**MATERIAL PROVIDED:**
%%
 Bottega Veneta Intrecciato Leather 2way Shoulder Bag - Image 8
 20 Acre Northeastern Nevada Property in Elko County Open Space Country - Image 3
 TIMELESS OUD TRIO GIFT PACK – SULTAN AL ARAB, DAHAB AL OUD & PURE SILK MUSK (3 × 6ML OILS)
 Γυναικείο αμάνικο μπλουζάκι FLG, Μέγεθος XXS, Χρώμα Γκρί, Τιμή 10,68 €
%%
**TASK DIRECTIONS:**
Write the data out again. Match it word for word.

**RESULT OF THIS EXERCISE:**
 Bottega Veneta Intrecciato Leather 2way Shoulder Bag - Image 8
 20 Acre Northeastern Nevada Property in Elko County Open Space Country - Image 3
 TIMELESS OUD TRIO GIFT PACK – SULTAN AL ARAB, DAHAB AL OUD & PURE SILK MUSK (3 × 6ML OILS)
 Γυναικείο αμάνικο μπλουζάκι FLG, Μέγεθος XXS, Χρώμα Γκρί, Τιμή 10,68 €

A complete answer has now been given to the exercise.